Eight games into the season, Yoenis Cespedes was already getting booed by some of the same fans who rejoiced that the free-swinging outfielder decided to return to the Mets for one-to-three more years. Perhaps the fact that he was hitting a disappointing .233/.324/.333 with only one home run was on Cespedes's mind when he threw caution to the Flushing winds and dove into the stands in pursuit of a foul ball.
Five games and six extra-base hits later, Cespedes is hitting .286/.375/.612, numbers that are even better than his fantastic 57-game stint with the Mets in 2015. Over a full 162-game season, Cespedes is currently on pace to hit 50 home runs, which would top his career best by 15.

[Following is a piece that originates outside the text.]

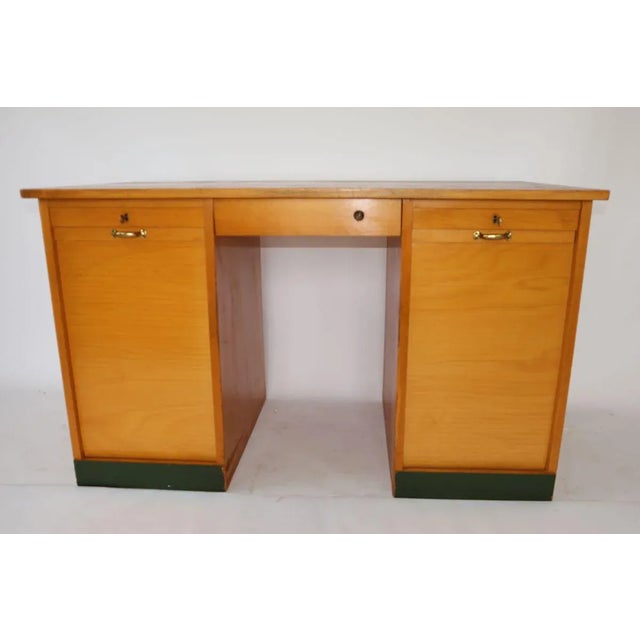 Brown Mid-Century Wooden Roller Desk, 1960s For Sale - Image 8 of 12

It is important to note that it is incredibly stupid to put too much stock into only 13 games worth of information, only slightly less stupid than declaring a player a bust based on just eight games. But if there is one slightly concerning aspect of Cespedes's great early-season statistics, it is the fact that he is striking out in almost 34% of his plate appearances; about 13 percentage points above his career average.
As Mark Simon points out at ESPN, Cespedes was, as of Tuesday, 1-for-14 against right-handed pitchers in at-bats ending in a breaking ball. That might seem like an obscure stat, but it highlights one of the two major holes in Cespedes's swing: low and outside breaking pitches. Anyone who watches a few games can see that pitchers are looking to exploit this weakness, as well as Cespedes's inability to lay off of high fastballs, and they are often successful. If the 30-year-old cannot adjust to the way that pitchers are now attacking him, his batting average and on-base percentage may start to plummet, especially when his .385 BABIP regresses closer to his .306 career mark.
One positive note, aside from the recent power outburst, is that Cespedes has already walked six times. Last season, it wasn't until May 20 that the he recorded his sixth walk, and his current 10.7 percent walk rate would be a career best.
Thirteen games worth of data is surely not enough for anyone to make a conclusive statement, but Cespedes's approach and how it affects his walk and strikeout rates is certainly worth watching as the season progresses.